A pesar de su talento profesional (que sólo parece asomarse y de forma discursiva en un par de diálogos con sus hijos donde más que escucharlos parecieran estar analizándolos), ninguno de los dos logra abandonar por completo un vínculo bastante enfermizo y empastado, del que no logran (¿ni quieren?) despegarse.
Por un pequeño problema que tienen en la ruta, accidentalmente conocen a Marco y Larissa, una pareja de brasileros que, justamente, se dedican al alquiler de hospedajes a extranjeros y ellos serán quienes finalmente les ofrezcan albergue en sus cabañas, lejos del mundanal ruido y mucho más cerca de la agreste naturaleza.
En esas pequeñas cabañas alejadas del turismo y en medio de un marco natural bastante exótico, algo desprolijo y muy poco convencional, las dos familias comienzan a relacionarse: mientras que la hija de Lucrecia y Pedro se siente atraída por el hijo de Marco, poco a poco va creciendo la tensión sexual entre “locales y visitantes” cuando se abra al juego y se descubra que la pareja que ellos parecen conformar, no es tal.
Esto le permite a Katz, indagar en este vínculo completamente resquebrajado y se nutre del artificio de la comedia, con romances cruzados entre Lucrecia y Marco y Pedro y Larissa, para abordar en un tono liviano, temas mucho más profundos.
Lo que en un primer momento es una mirada incisiva a la pareja porteña de vacaciones (sobre todo con chistes efectivos en el manejo del idioma y la “picardía criolla” para estirar los pocos pesos que tienen) irá dando lugar poco a poco a un relato mucho más agridulce, y aún cuando la historia ensambla varios personajes, la directora lentamente va poniendo el ojo en el personaje central de Lucrecia para poder, nuevamente, dar cuenta de una mirada abarcadora de ese universo femenino que Ana Katz tan bien sabe definir y que ha sido la base de sus grandes creaciones (“Mi amiga del parque” y “Una novia errante”, entre otras).
Obviamente que cuenta con la brillante máscara de Mercedes Morán (con quien ya había trabajado en otros de sus filmes, “Los Marziano”) que aprovecha cada uno de los repliegues de Lucrecia y explota cada arista del personaje, con su enorme talento y esa naturalidad que invade irremediablemente la pantalla.
Sus gestos, sus miradas, la inflexión de su voz, cada detalle que Morán le pone a su criatura, hace que nuevamente encontremos en ella una actriz completa, madura y que disfruta cada desafío.
Su ex (?) marido, es otra gran composición de Gustavo Garzón que logra el punto exacto y tiene una química excelente con Morán.

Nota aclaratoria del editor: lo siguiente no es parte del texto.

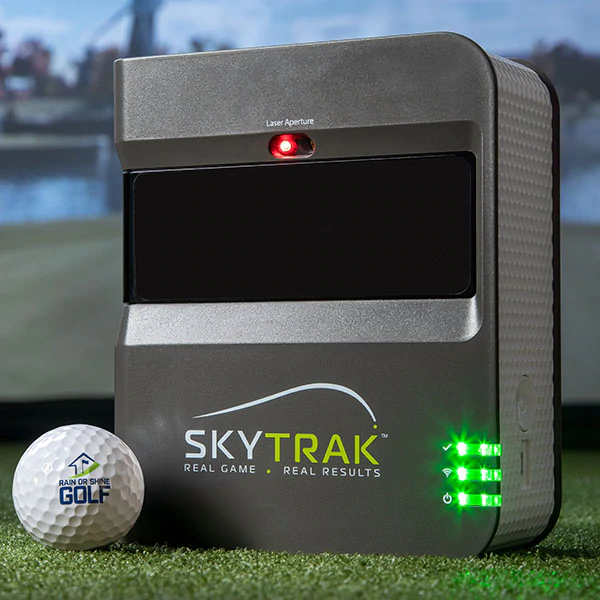 SkyTrak Launch Monitor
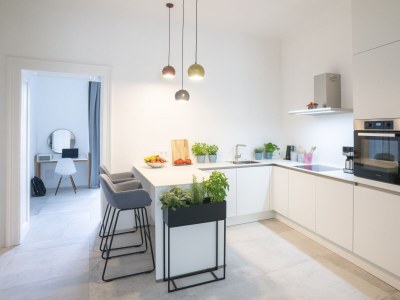 Apartment Tasteful and peaceful with a terrace in Wien - Apartment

Asimismo, su esquemático Pedro arma un perfecto contrapunto con el espíritu bohemio y ese alma libro que Marco (Marco Ricca) representa y que indudablemente seducirá sin mucho esfuerzo, con ese aire de sex simbol latino entrado en años, a una Lucrecia que necesita por sobre todas las cosas, volver a sentirse deseada.
Los aciertos del guión que ha escrito la propia directora junto con Daniel Katz, son precisamente las pequeñas observaciones y los diálogos directos y francos de sus personajes, la posibilidad de mostrarlos humanos, fallidos pero esperanzados.

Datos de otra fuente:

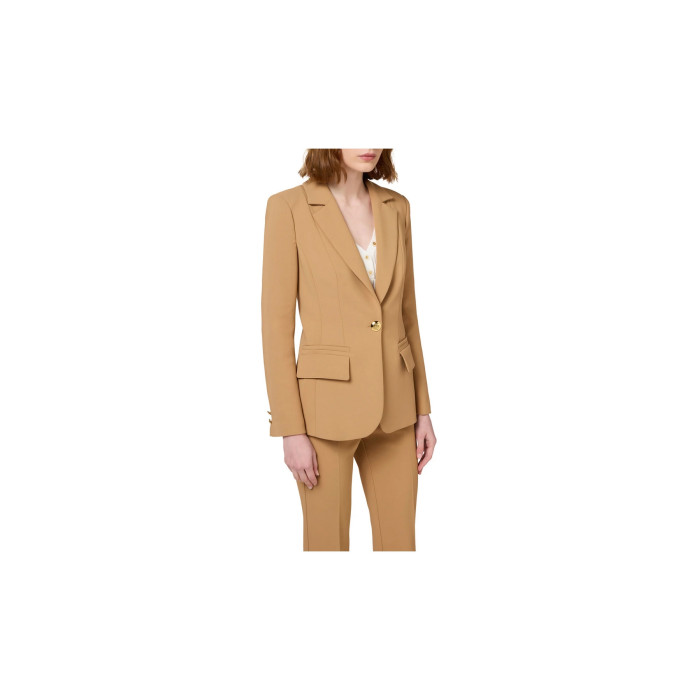 Kleid Elisabetta Franchi Bronze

Es así como aparecen tangencialmente otros temas como el nido vacío, el desarrollo profesional, las cuentas pendientes, los celos, la soledad interior, que van asomándose y completan el fresco familiar con un tono carente de toda solemnidad pero completamente cargado de la honestidad que siempre habita el cine de Katz.
Sobre el final, un pequeño traspié, puede hacer pensar que en momentos donde el rol de la mujer se está construyendo desde nuevas perspectivas, el epílogo plantea una situación algo convencional para los tiempos que corren.

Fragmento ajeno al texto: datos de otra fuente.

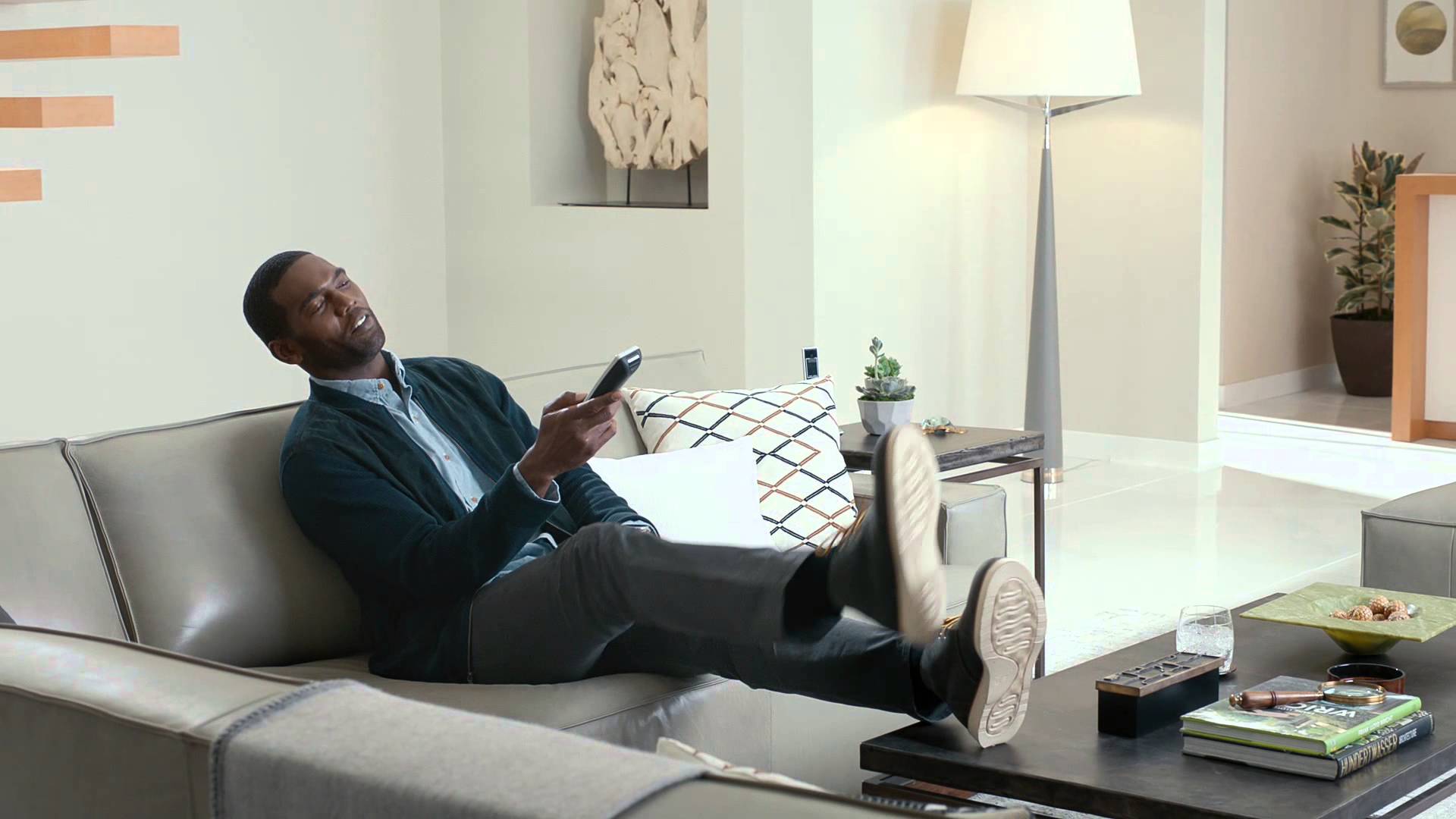 New DirecTV Randy Moss commerical with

Pero es sólo un pequeño comentario que no desvirtúa en absoluto las bondades de “SUEÑO FLORIANOPOLIS” y la posibilidad de jugar dentro de la comedia romántica moderna, incluyendo los apuntes reflexivos que siempre propone Katz con su cine que le permite a los personajes hablar de los deseos, de las pasiones olvidadas, del disfrute de la vida y de esas neurosis que no se sueltan, ni aún de vacaciones.